With funding from the East London Industrial Development Zone and expertise from Nelson Mandela Metropolitan University, entrepreneur Nikolas Jankovich has developed the next generation “hybrid” street light.
Harvesting energy produced by wind and the sun, the Twerly™ which is set to “revolutionise” the future of street lighting, uses a vertical axis wind turbine (VAWT) to harvest wind energy and a standard 140W photovoltaic (PV) solar panel to wind turbine to harvest the sun’s energy.
The combination of the two renewable energy sources provide energy to a battery which then provide powers to a modern light-emitting diode (LED) luminaire.
A delighted Jankovich said he was thrilled with the progress made and was thankful for the opportunity of working with “amazing engineers” from eNtsa, NMMU’s engineering technology institute.
“Without these amazing minds, their commitment and willingness to see the Twerly street light evolve from concept to commercialisation, the Twerly would have remained a concept.”
The Twerly, which is visible on NMMU campuses, offers previously disadvantaged communities the possibility of lighting unlit areas.
What’s more, the Twerly also has embedded technology allowing it to be used as a surveillance tool and a WiFi hotspot.
“The Twerly will change people’s lives,” says Nikolas.
The School of Engineering’s Dr Russel Philips engineered the VAWT and all its components allowing wind energy to be harvested at the lowest wind speeds.
In less than five years, the Twerly has evolved into a solid product that is “set to revolutionise the way we light up our planet at night.
“It is a dream come true and I am proud to have been a part of the team that took Twerly from a mere concept to where it is today!” says Dr Phillips.
For eNtsa project engineer Riaan Opperman, the Twerly has turned out to be one his most “fulfilling projects”.
“Looking at where this project is heading truly excites me,” says the engineer who re-invented the first prototype by providing crucial CAD drawings for manufacturing specification.
He also oversaw the cutting and bending of parts as well as manufacturing and assembling the components that make up the Twerly.
eNtsa’s Etienne Phillips and Akshay Lakhani designed, developed and built the circuit boards that controls and protects the system from exceeding its limits.
“Seeing the street light switch on at night for the first time, made me realise the importance of the project and how it would impact the environment, especially in isolated areas where people do not have access to electricity,” says Akshay.
Project leader for Twerly Development Etienne Phillips agrees.
“The Twerly project has been a large part of our lives for quite some time, and as various components have been completed, the excitement has been building.

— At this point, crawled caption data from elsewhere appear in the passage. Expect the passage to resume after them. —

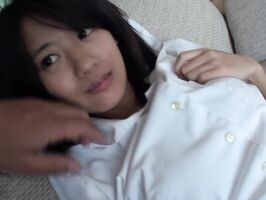 Amateur Yuuki Ozawa Takes Hot Head Until Cumming In Her Mouth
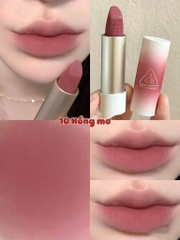 Son Sáp Mịn Lì 3CE Cashmere Hug Lipstick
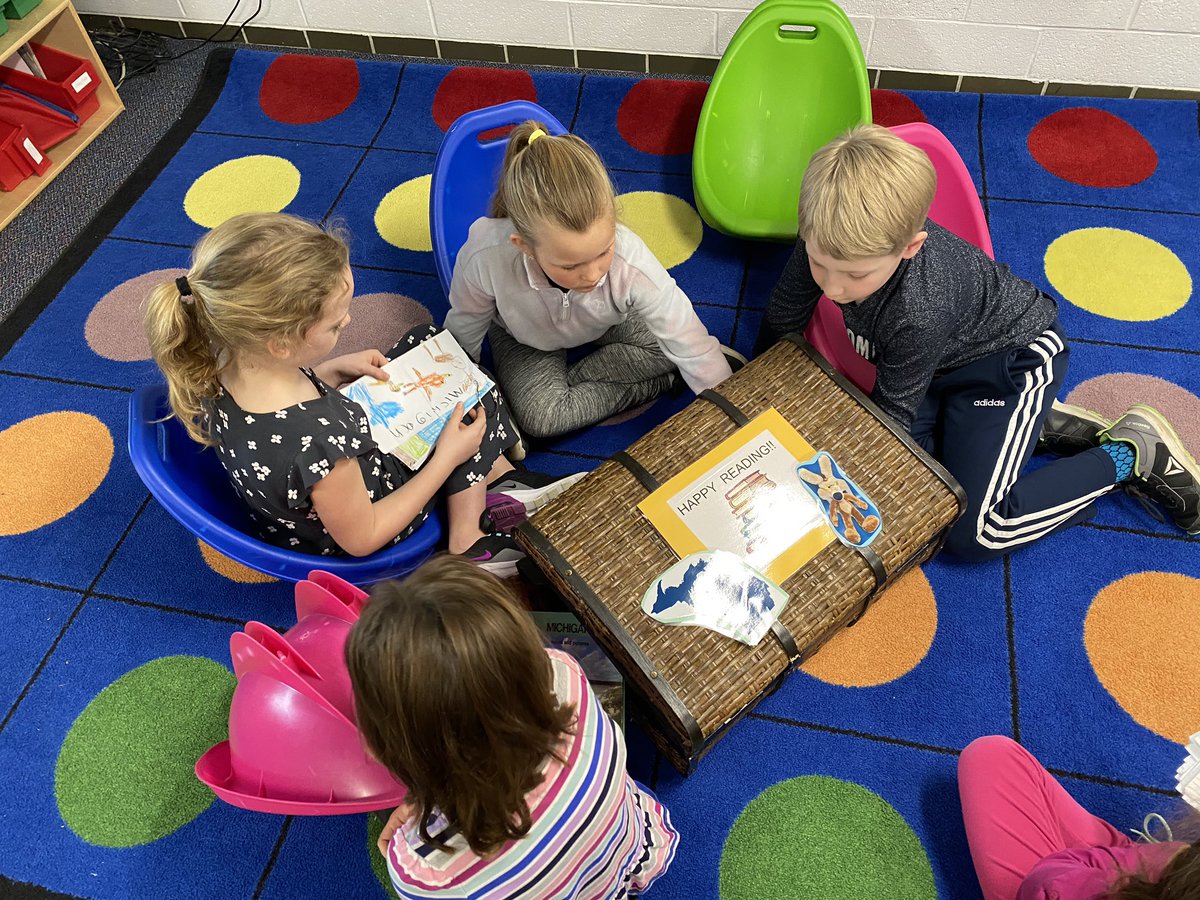 MrsLejaSalem's tweet photo. Today we got to look through Wylieβs suitcase of Michigan books. We even wrote him postcards. Our #micoyotes sure hope he comes back soon! We will have to keep reading! π https://t.co/YNLFUyM1Gb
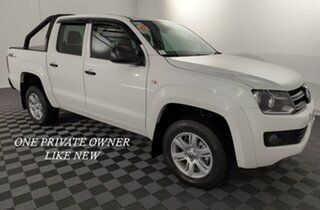 2016 Volkswagen Amarok 2H MY16 TDI420 4MOTION Perm Core Plus Candy White 8 speed Automatic Utility.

Now we are ready to release a viable product into the wild.”
He said the project has produced two very important outcomes: a benefit to communities that can rely on a dependable source of light and a source of a vast amount of real-time data on everything from battery life to renewable energy availability collected from real-world sites spread throughout the country.
“This may be the world’s most advanced streetlight, and everything has been developed right here in Port Elizabeth.”
The next phase of the development is to turn every Twerly™ street light into a WiFi hotspot so that everyone can benefit from Internet access.
Dr Russell Phillips, Etienne Phillips, Riaan Opperman and Akshay Lakhani as well as with Jaci Barnett, Mary-Ann Chetty and Colin Schroder from the Innovation Support and Technology Transfer were all key players in the producing the Twerly at NMMU.